• TASK REQUIREMENTS: Starting at the line that contains "メタルベルトブラックショートパンツ / VO1135", repeat each line of the listing below through the last one, exactly, and leave out every picture.

• DATA EXTRACTS:
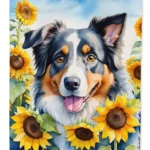 Vibrant Australian Shepherd Sunflowers House Flag - 28x40 Inches, Dual-Sided, Heavy Duty Polyester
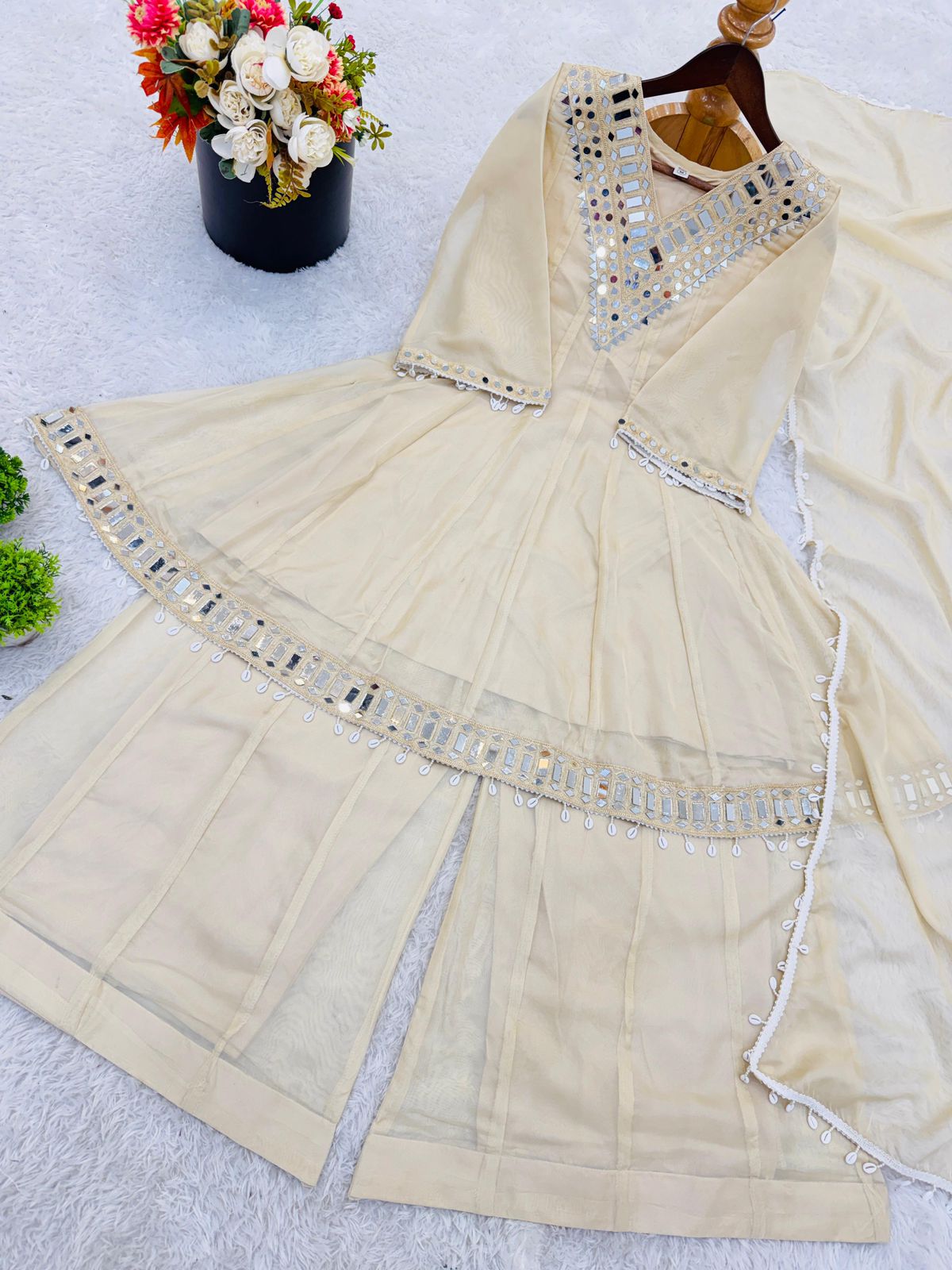 Mirror Work Tebby Organza Silk Sharara Set with Dupatta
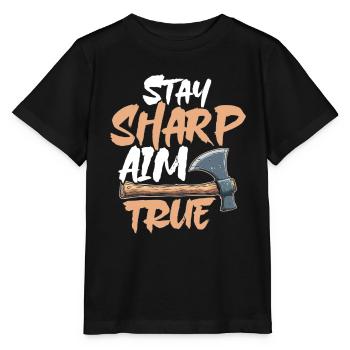 Axt Werfen Axt Werfer Axe Throwing - Stanley/Stella Kinder T-Shirt MINI CREATOR  - Schwarz - Vorne - Mikhail (115cm)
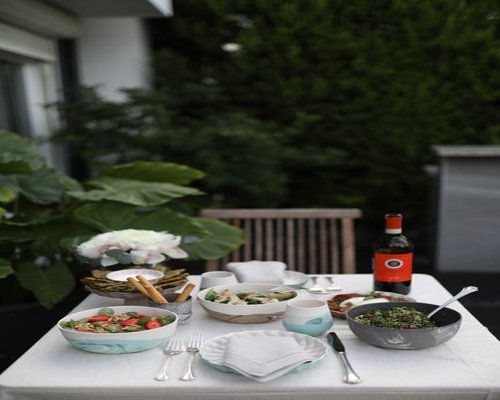 Calm evening home dinner setup with fresh local food on the table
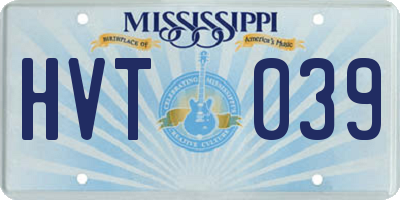 MS license plate HVT039
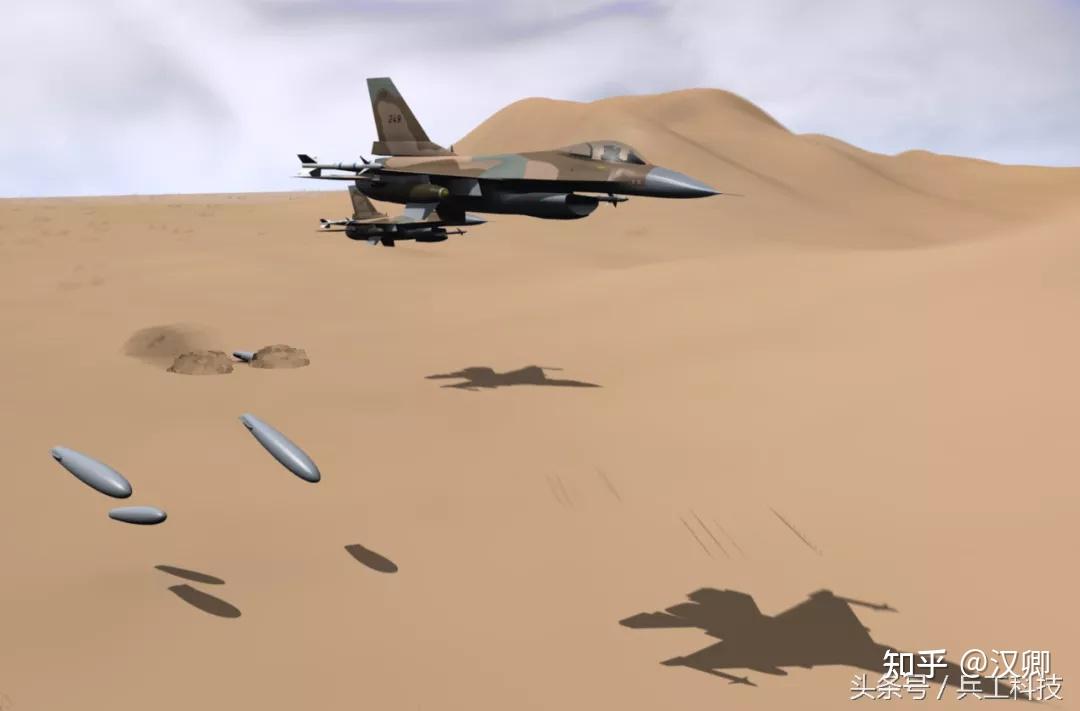 以色列空军f-16战斗机开展"巴比伦行动"前进行俯冲投弹轰炸训练画面
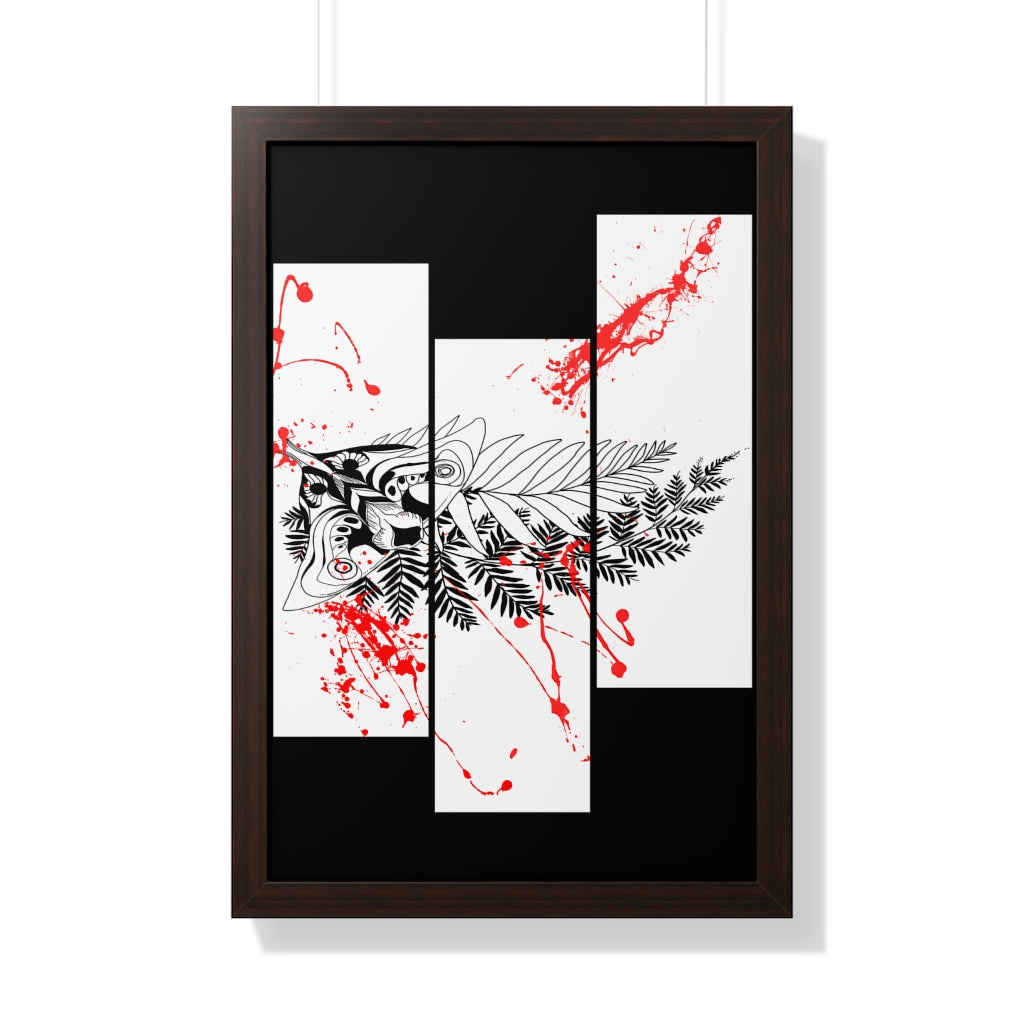 Framed Poster - Moth Tattoo White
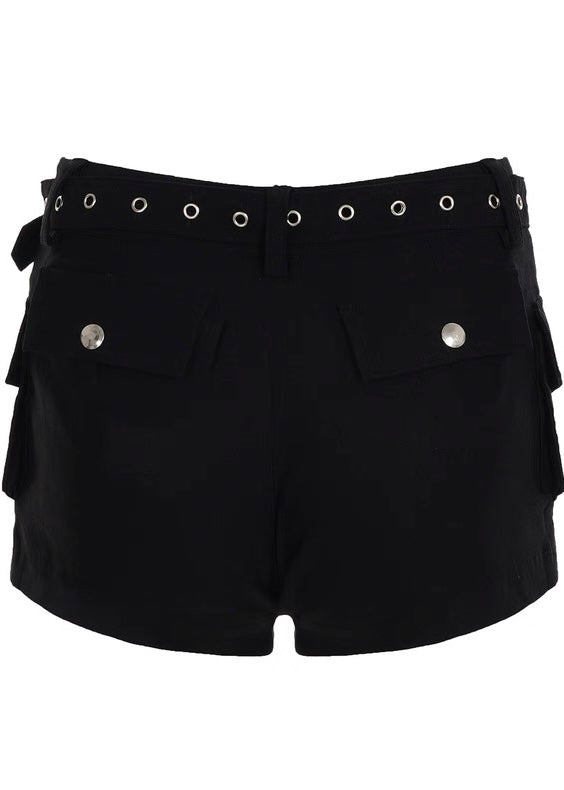 メタルベルトブラックショートパンツ / VO1135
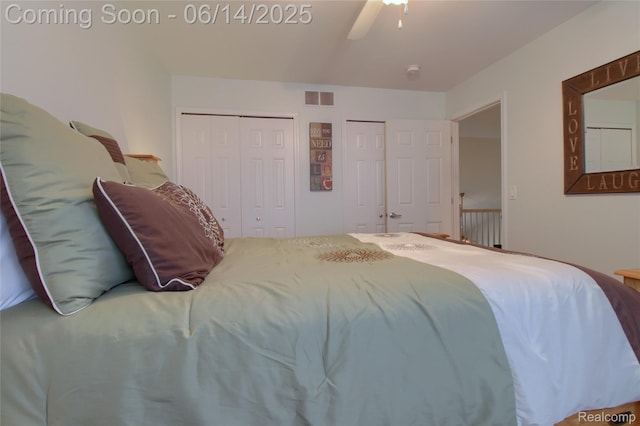 31626 Beaver Cir, New Boston, MI 48164 - bedroom featuring multiple closets and ceiling fan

• REPLY TO THE TASK:
 メタルベルトブラックショートパンツ / VO1135
 31626 Beaver Cir, New Boston, MI 48164 - bedroom featuring multiple closets and ceiling fan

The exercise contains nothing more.